The initial percentages will take effect after the IRS issues proposed guidance, which the IRA mandates occur before December 31, 2022. The percentages then ramp up over time, peaking at 80% of critical minerals after 2026 and 100% of battery components after 2028.
And the credit isn’t available for vehicles with critical minerals or battery components from a “foreign entity of concern,” including China and Russia. The critical mineral exclusion takes effect for vehicles placed in service after 2024. The battery component exclusion is effective for vehicles placed in service after 2023.
These rules have raised concerns among the automotive industry, particularly as a substantial amount of the supply chain for minerals and battery components is located in China.
Transitional relief for purchasers
What if you signed a contract on an EV before August 16, 2022, when the IRA was enacted, but haven’t yet received the vehicle? The IRS has stated that the changes in the law won’t affect your tax credit. You can claim it under the rules in effect when you signed the purchase contract.
Unfortunately, that means the manufacturer cap will still apply. If you purchase a vehicle from a manufacturer that hit the 200,000 vehicle threshold more than a year prior, you don’t qualify for the EV credit. On the other hand, the final assembly requirement won’t apply.
If you purchase and take possession of a qualifying EV after the law was signed (August 16, 2022) but before January 1, 2023, the only difference to the prior rules is the applicability of the final assembly requirement. That means the manufacturer cap also would apply to your purchase. So, if you’re interested in a model that’s disqualified under the cap, it might pay off to wait until 2023 if the vehicle meets the requirements then.
New credits for used and commercial vehicles
The IRA also creates tax credits for used EVs (Sec. 25E) and commercial EVs (Sec. 45W), both starting in 2023. The IRS has indicated it will release more information on these credits in the coming months.
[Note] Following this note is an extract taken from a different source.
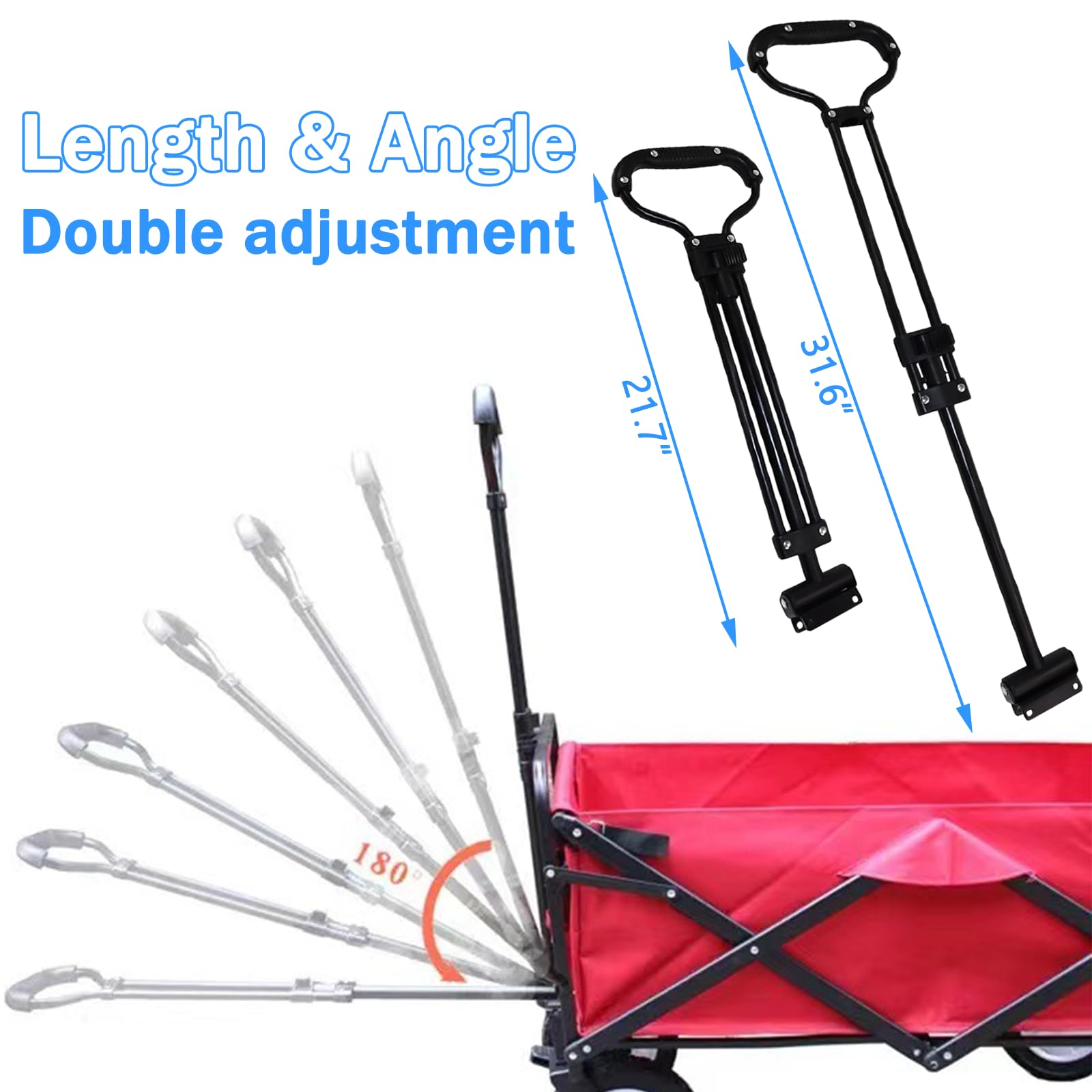 Poignée de Traction de Wagon de Jardin, poignée de Chariots de Camping pour Remplacement de Chariot de Camping extérieur, évolutif, 1 PC (Tirer) (Noir-Tirer)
According to the IRA, the Sec. 25E credit is worth the lesser of $4,000 or 30% of a qualified vehicle’s sale price. The sale price can’t exceed $25,000. The credit is available only for EVs with model years at least two years earlier than the year of purchase. No credit is available if the lesser of the taxpayer’s MAGI for the year of purchase or the preceding year exceeds:
• $75,000 for single filers,
• $150,000 for married couples filing jointly, or
• $112,500 for heads of household.
The credit for commercial EVs is the lesser of 1) 15% of the vehicle’s basis (30% for vehicles not powered by a gas or diesel engine) or 2) the incremental cost of the vehicle over the cost of a comparable gas- or diesel-powered vehicle. The maximum credit per vehicle is $7,500 for vehicles with a gross vehicle weight under 14,000 pounds and $40,000 for heavier vehicles.
Only the beginning
The IRS and Treasury Department have promised to issue additional guidance about the various new and existing EV-related tax credits in the coming weeks and months. We’ll keep you up to date on new developments.